(Brief descriptive captions)
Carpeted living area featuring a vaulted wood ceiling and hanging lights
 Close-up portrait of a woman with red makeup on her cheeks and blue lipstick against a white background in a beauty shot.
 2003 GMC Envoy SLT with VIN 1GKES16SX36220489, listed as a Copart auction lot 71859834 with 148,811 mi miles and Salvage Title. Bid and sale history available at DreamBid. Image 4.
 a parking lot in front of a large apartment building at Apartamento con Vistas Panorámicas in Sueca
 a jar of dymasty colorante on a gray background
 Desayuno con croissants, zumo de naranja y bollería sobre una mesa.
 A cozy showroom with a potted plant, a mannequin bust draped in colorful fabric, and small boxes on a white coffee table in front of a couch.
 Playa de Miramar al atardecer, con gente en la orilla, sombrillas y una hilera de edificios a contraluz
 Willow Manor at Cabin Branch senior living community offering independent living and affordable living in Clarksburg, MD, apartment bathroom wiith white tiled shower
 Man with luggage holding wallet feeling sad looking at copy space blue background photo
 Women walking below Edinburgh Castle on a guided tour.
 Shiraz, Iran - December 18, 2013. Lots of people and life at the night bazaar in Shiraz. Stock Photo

DESCRIPTION OF THE TASK =>
From the entries above, copy out every line where the string "with" appears.

RESPONSE BELOW =>
 Close-up portrait of a woman with red makeup on her cheeks and blue lipstick against a white background in a beauty shot.
 2003 GMC Envoy SLT with VIN 1GKES16SX36220489, listed as a Copart auction lot 71859834 with 148,811 mi miles and Salvage Title. Bid and sale history available at DreamBid. Image 4.
 A cozy showroom with a potted plant, a mannequin bust draped in colorful fabric, and small boxes on a white coffee table in front of a couch.
 Man with luggage holding wallet feeling sad looking at copy space blue background photo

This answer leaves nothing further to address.